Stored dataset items
■ ■ ■ ■
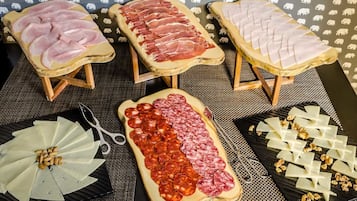 A variety of meats and cheeses displayed on wooden boards and plates, with a patterned background.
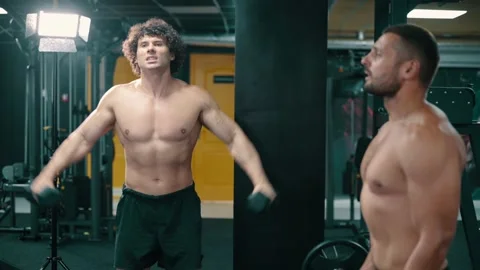 Two men work out in gym. Stock Footage 164613827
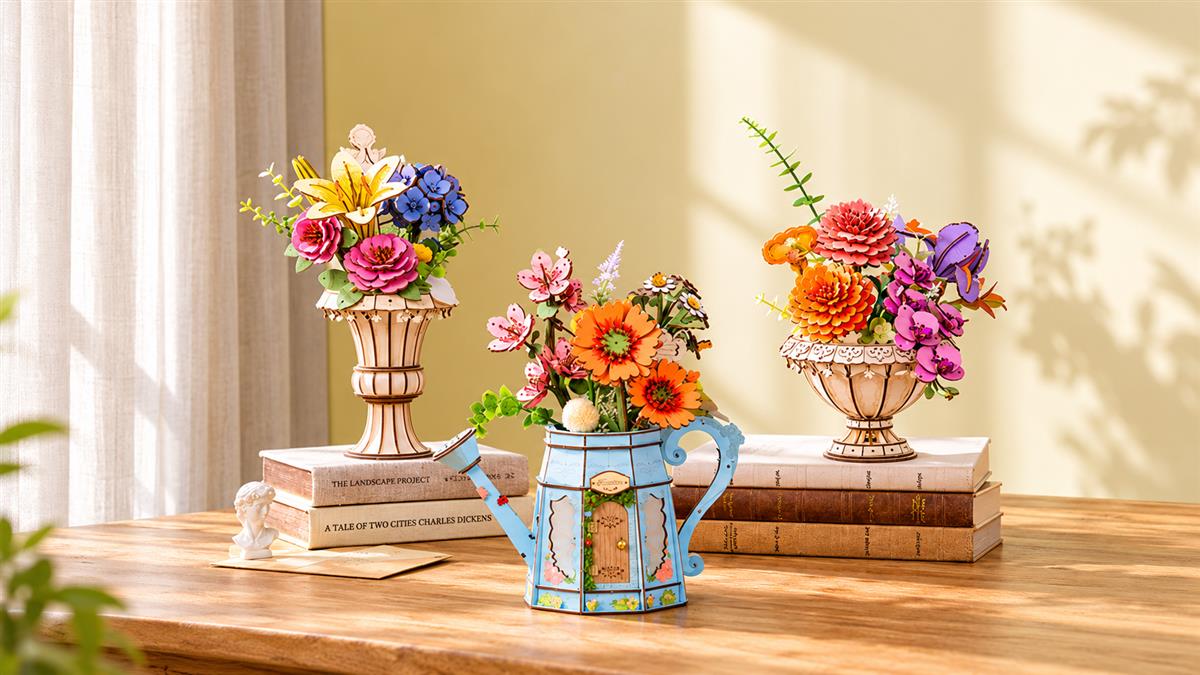 Three Rowood wooden flower arrangements in decorative containers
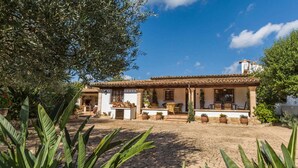 A traditional Mediterranean-style house with a tiled roof, a patio with outdoor seating, and a garden with large-leafed plants. - Adorable Family Villa, A/C, Beautiful Landscaped Garden, Private Pool close to Pollença & Beaches! (Pollença)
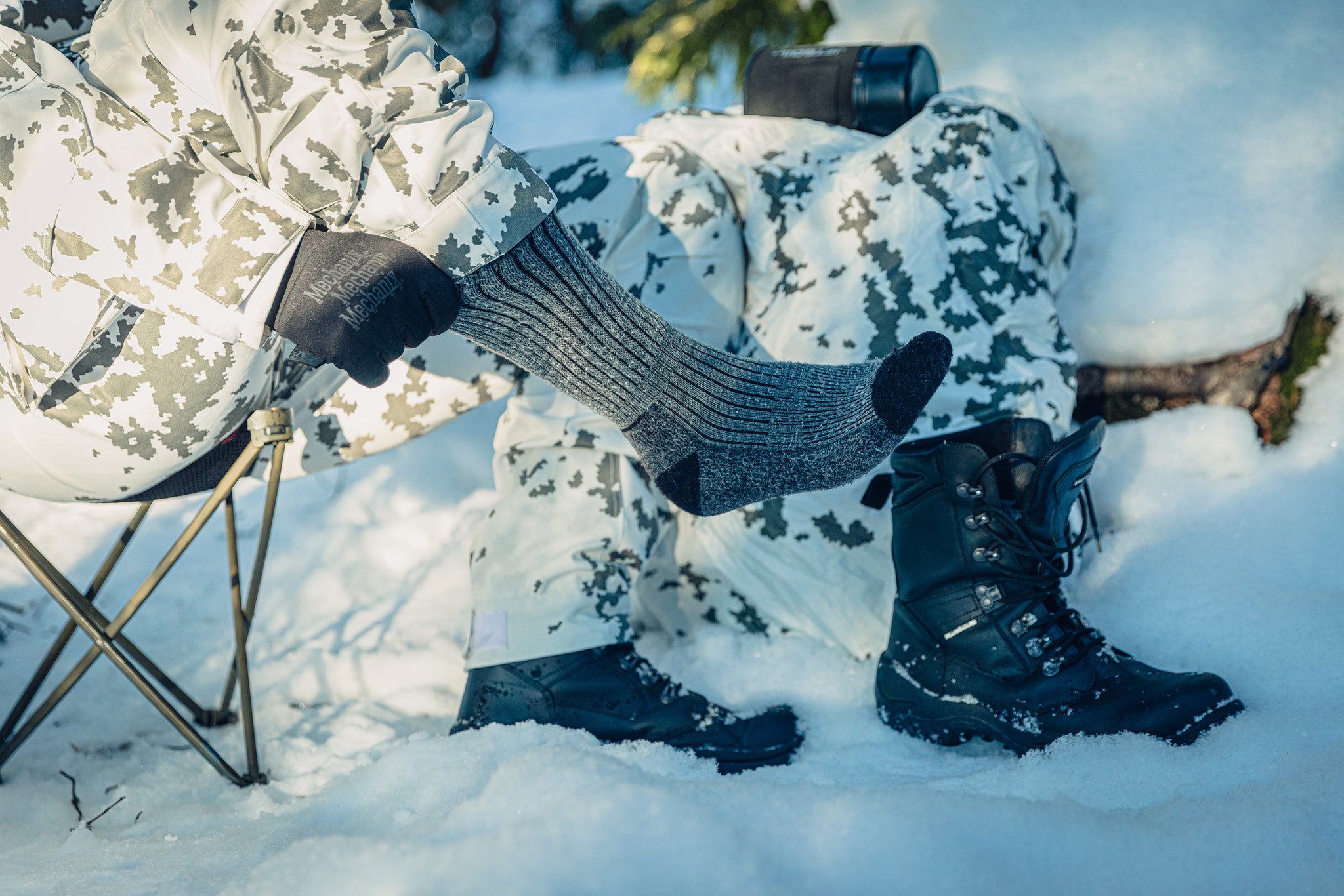 Close-up of a foot in a grey striped sock. The person is sitting on a stool in the snow and wearing snow camo clothing, pulling at the sock with gloved hands.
■ ■ ■ ■
Output the data verbatim, images excluded.

 A variety of meats and cheeses displayed on wooden boards and plates, with a patterned background.
 Two men work out in gym. Stock Footage 164613827
 Three Rowood wooden flower arrangements in decorative containers
 A traditional Mediterranean-style house with a tiled roof, a patio with outdoor seating, and a garden with large-leafed plants. - Adorable Family Villa, A/C, Beautiful Landscaped Garden, Private Pool close to Pollença & Beaches! (Pollença)
 Close-up of a foot in a grey striped sock. The person is sitting on a stool in the snow and wearing snow camo clothing, pulling at the sock with gloved hands.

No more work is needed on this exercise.